Stored data entries

======

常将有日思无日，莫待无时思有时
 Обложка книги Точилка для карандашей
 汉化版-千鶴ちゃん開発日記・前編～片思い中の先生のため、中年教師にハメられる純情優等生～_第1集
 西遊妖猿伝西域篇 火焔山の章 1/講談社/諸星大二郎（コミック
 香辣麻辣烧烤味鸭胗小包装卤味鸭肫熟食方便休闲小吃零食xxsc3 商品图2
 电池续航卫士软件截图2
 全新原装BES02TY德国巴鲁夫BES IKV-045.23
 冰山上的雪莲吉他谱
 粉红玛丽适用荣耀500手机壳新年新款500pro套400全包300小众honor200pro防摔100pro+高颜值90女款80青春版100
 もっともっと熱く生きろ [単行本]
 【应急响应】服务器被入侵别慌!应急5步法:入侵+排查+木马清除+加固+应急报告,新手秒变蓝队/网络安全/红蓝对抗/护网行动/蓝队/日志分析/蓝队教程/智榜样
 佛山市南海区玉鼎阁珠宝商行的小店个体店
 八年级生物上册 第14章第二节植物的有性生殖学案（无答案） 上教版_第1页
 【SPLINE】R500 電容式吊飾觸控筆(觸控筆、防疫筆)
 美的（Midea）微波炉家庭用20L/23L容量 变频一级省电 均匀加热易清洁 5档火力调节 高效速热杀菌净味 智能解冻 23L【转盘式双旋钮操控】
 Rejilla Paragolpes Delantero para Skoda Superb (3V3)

======

= WHAT YOU WILL DO =
Exactly reproduce the lines of the data above that run from the line containing "八年级生物上册 第14章第二节植物的有性生殖学案（无答案） 上教版_第1页" through the final one.

= PROBLEM SOLUTION =
 八年级生物上册 第14章第二节植物的有性生殖学案（无答案） 上教版_第1页
 【SPLINE】R500 電容式吊飾觸控筆(觸控筆、防疫筆)
 美的（Midea）微波炉家庭用20L/23L容量 变频一级省电 均匀加热易清洁 5档火力调节 高效速热杀菌净味 智能解冻 23L【转盘式双旋钮操控】
 Rejilla Paragolpes Delantero para Skoda Superb (3V3)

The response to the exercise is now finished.